Over on the Senate side, a teacher-evaluation bill was voted down unexpectedly Feb. 18 when a handful of Republicans voted with Democrats against the measure. Litzow says there should be no problem on the second go-round. Since Feb. 18 the Department of Education has made its position crystal clear.

Teachers in Revolt

State Rep. Cathy Dahlquist, R-Enumclaw, the House Republican education lead.

State Rep. Cathy Dahlquist, R-Enumclaw, the House Republican education lead.

Out on the grassy lawn, the teachers said they were ready to fight. Whatever the feds say, standardized tests are the wrong way to evaluate teachers, they maintain.
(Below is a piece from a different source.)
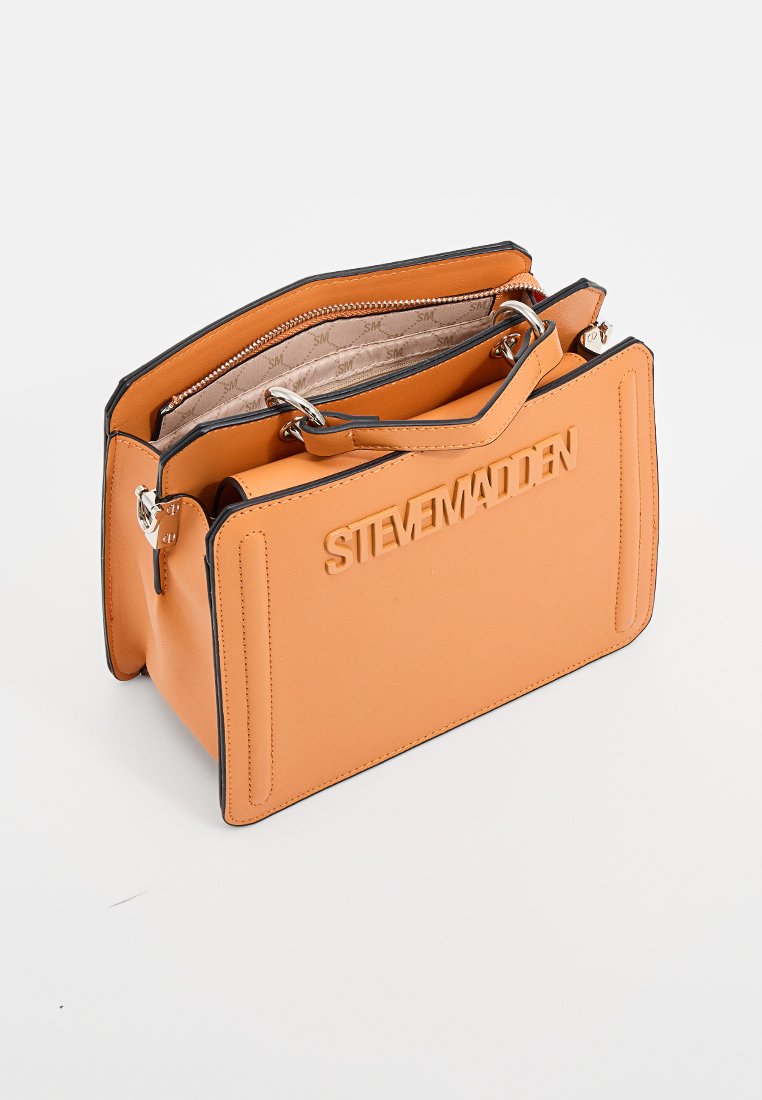 Borsa sintetica arancione con logo impresso, forma strutturata, manici superiori doppi, hardware argentato e un ampio interno con foderatura a motivo.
Bad scores may not be their fault. “There are so many variables with children,” said South Kitsap teacher Ann Giantvalley. “We cannot control whether a kid is in school to learn. We have some kids with 30 percent absences and we can’t guarantee whether those children have got a good night’s sleep. We can’t guarantee that they have been in our classroom all year. If we could guarantee that students are in school 95 percent of the time and have 95 percent of their schoolwork done, 95 percent of their homework done, have healthy meals, have the spiritual counseling they need as well as parental counseling – please, let’s consider test scores.”

Said Jeff Morgan, a social-studies teacher from Ingraham High School in Seattle, “I should not be held responsible for tests that are not statistically reliable.”

Teachers maintain that the usage of standardized tests ought to be bargained at the local level when contracts are reached between school districts and unions. But the call for local control can be read another way: If they fight district-by-district, they have a better chance of winning. All would depend on how willing each individual school district is willing to carry on the fight. In this state there are 295 potential battlegrounds. Teachers just don’t get it, says state Rep. Cathy Dahlquist, R-Enumclaw, the House Republican education lead. The feds have made it clear their position is no longer acceptable. And if the federal money is yanked, their jobs are on the line. “Once that money is lost, it will actually take teacher jobs away,” she said.